Your objective: Every line in the following data that has "Shirt" counts toward the total; state that total alone.

Input records:
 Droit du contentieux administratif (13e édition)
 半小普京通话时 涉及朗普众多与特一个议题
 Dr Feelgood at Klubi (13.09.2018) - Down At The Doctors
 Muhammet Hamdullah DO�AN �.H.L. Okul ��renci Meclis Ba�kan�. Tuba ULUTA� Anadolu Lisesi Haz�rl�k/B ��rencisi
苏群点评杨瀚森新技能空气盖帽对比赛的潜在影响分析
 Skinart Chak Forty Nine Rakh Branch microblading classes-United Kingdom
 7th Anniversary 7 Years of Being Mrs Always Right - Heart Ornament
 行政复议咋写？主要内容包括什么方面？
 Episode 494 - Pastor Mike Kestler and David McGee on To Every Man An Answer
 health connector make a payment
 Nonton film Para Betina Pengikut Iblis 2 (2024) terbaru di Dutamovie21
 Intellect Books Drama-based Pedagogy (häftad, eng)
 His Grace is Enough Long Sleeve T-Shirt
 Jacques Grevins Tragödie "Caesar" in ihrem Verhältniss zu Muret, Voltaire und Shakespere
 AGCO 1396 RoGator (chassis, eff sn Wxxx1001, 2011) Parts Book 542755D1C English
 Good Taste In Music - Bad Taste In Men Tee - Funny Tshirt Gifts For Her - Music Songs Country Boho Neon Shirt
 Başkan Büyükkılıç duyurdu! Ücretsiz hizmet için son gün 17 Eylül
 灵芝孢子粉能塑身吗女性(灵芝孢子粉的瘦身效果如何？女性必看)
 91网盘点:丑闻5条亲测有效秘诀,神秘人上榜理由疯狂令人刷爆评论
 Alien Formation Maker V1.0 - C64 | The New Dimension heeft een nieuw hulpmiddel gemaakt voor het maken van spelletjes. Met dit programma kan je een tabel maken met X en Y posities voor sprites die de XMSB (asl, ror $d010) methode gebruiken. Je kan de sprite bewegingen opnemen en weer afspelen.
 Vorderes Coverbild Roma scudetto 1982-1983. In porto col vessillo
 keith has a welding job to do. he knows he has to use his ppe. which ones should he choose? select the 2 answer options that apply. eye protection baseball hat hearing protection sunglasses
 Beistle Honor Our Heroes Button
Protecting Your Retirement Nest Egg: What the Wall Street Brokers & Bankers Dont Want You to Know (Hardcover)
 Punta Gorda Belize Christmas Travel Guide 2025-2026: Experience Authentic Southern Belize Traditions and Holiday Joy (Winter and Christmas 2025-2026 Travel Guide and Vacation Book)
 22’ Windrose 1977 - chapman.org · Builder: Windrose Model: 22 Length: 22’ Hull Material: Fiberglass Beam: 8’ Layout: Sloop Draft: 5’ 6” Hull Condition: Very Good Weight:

Finished exercise: 2